Short descriptive text snippets
◆ ◆ ◆ ◆ ◆
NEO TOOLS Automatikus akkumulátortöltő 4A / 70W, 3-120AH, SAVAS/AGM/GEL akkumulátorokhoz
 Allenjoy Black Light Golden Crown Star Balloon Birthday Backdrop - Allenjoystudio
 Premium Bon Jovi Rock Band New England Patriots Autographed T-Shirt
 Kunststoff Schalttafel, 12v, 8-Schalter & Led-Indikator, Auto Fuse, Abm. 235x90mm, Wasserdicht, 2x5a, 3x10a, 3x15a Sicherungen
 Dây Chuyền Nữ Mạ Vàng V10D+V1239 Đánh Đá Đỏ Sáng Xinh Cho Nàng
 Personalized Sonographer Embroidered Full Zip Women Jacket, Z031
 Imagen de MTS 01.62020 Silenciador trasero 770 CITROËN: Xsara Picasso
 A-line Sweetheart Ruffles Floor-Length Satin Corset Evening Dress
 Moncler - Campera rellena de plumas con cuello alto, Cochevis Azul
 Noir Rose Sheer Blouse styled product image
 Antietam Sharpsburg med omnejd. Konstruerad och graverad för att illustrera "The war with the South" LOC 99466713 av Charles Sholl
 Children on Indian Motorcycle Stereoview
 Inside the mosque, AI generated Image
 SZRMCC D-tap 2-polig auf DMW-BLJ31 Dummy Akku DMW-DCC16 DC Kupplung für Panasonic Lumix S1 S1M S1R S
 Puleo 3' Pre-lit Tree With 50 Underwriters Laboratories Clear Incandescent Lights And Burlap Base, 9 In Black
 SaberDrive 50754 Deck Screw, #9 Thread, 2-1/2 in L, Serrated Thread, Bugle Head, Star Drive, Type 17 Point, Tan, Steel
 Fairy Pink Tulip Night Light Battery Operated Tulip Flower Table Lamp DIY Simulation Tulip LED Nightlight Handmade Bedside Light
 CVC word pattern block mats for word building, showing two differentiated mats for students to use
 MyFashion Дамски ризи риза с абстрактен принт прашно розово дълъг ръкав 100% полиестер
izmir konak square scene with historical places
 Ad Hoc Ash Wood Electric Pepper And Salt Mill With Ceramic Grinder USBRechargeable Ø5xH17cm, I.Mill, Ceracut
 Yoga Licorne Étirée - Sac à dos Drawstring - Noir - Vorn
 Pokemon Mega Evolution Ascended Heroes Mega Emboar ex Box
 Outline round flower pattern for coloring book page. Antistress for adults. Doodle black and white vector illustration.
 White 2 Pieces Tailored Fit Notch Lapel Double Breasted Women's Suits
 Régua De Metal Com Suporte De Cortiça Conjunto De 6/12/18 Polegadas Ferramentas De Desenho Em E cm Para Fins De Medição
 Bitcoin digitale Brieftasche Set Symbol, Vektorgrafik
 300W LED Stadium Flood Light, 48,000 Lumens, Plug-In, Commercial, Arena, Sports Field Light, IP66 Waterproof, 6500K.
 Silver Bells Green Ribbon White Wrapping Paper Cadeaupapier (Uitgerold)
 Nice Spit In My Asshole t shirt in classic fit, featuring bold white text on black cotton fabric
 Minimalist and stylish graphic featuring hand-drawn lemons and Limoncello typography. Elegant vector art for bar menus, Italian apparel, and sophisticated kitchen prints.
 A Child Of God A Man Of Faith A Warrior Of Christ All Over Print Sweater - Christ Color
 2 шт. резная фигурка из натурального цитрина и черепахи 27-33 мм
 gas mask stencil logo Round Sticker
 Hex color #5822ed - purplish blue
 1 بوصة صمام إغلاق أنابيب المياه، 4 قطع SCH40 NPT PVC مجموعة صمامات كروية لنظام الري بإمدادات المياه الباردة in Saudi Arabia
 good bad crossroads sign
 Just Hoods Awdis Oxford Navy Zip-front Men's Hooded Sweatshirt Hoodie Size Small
◆ ◆ ◆ ◆ ◆
■ What this task involves: All that is needed is how many lines of the data contain "Women", stated as a number.

■ Task response: 2